Privacy spend now a must, firms see high ROI

Image courtesy of Cisco

Privacy is now considered mission-critical among organisations across the world, as 90% see it as a business imperative, according to the 2022 Data Privacy Benchmark Study published by Cisco.

The report analysed responses of more than 4,900 security, IT, and privacy professionals across 27 jurisdictions in Asia Pacific, Europe and the Americas, including Singapore.

Results showed that privacy investment continues to rise and organisations see a high return on investments from privacy spending.

For the second year in a row, 90% of respondents said they would not buy from an organisation that does not properly protect its data.  In Singapore alone, this figure is even higher at 94%.

“With 94% of organisations saying they are reporting one or more privacy-related metrics to their board, and privacy investment rising with an average budget up 13%, there’s no doubt that privacy continues to grow in importance for organisations, regardless of their size or location,” said Harvey Jang, Cisco VP and chief privacy officer.

“We also see privacy growing to be part of the vital skills and core responsibilities for security professionals,” said Jang. “This year’s study confirmed that aligning privacy with security creates financial and maturity advantages compared to other models.”

Results also showed that privacy’s ROI remains high for the third straight year, with increased benefits for small to medium size organisations. 

In Singapore, more than 60% of respondents felt they were getting significant business value from privacy, especially when it comes to reducing sales delays, mitigating losses from data breaches, enabling innovation, achieving efficiency, building trust with customers, and making their company more attractive.

Respondents estimate their ROI to be 1.8 times spending on average. While this continues to be very attractive, it is slightly less than the 2021 study — 1.9 times spending. This could be due to ongoing needs in responding to the pandemic, adapting to new legislation, uncertainty over international data transfers, and increasing requests for data localization.  

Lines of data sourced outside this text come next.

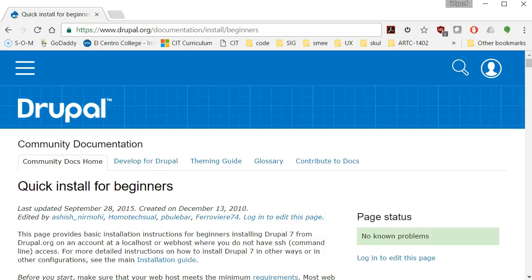Hello, this is your instructor Francisco Rodriguez. I'm going to show you how to download Drupal and install it in your web server. In the same process, I will also show you how to remove your WordPress installation from your website.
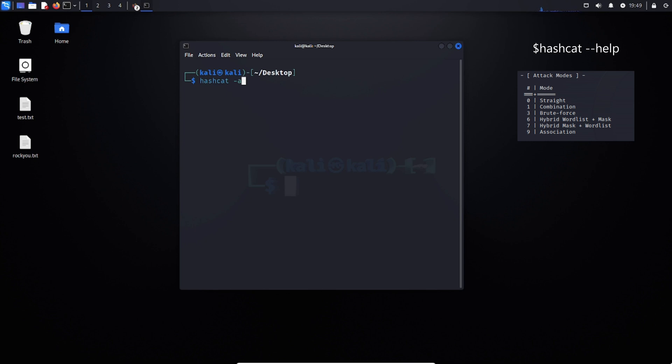Second, we have the combination attack, which is using multiple wordlists. Third is a brute force, which is simply just trying all different combinations of a character set.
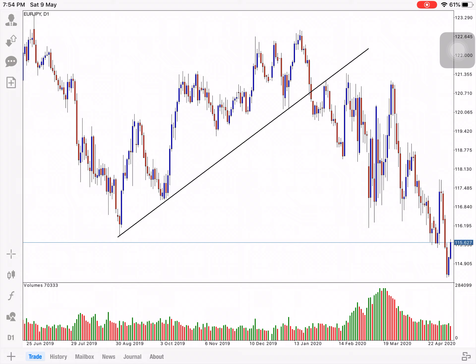The trend line has three touch points that are important — you also have to take a break out of the direction of the trend line. The trend line has three people who are interested in Forex trading. The technical analysis is shared here. See you in the next episode.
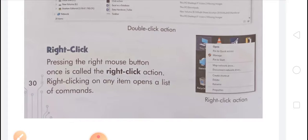If you want to try the right click action, bring the pointer over the 'This PC' icon and right click. A list of commands will open.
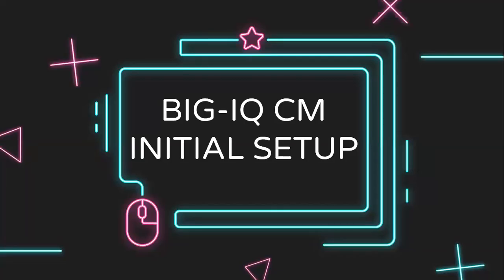In this section, we'll go through performing the licensing of BigIQ CM via GUI and then complete the initial setup. Let's get started.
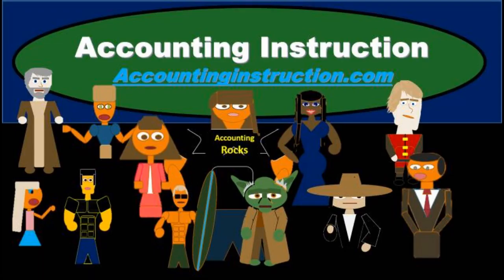For more accounting information and accounting courses visit our website at accountinginstruction.info.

Privacy legislation continues to be very well received around the world even though complying with these laws often involves significant effort and cost. Among corporate respondents, 83% said privacy laws have had a positive impact, and only 3% indicated the laws have had a negative impact.

“When it comes to storing data, organisations must ensure that they comply with the data localisation legislations in the jurisdictions where data is being collected,” said Andy Lee, Cisco managing director in Singapore and Brunei.

“Last year, Cisco expanded its Duo data center presence in the region including one in Singapore to enable customers with operations in ASEAN to store their data locally in Singapore and comply with the respective laws,” said Lee.

When it comes to using data, 92% of respondents recognise that their organisation has a responsibility to only use data in a responsible manner. Nearly as many (87%) believe they already have processes in place to ensure automated decision-making is done in accordance with customer expectations.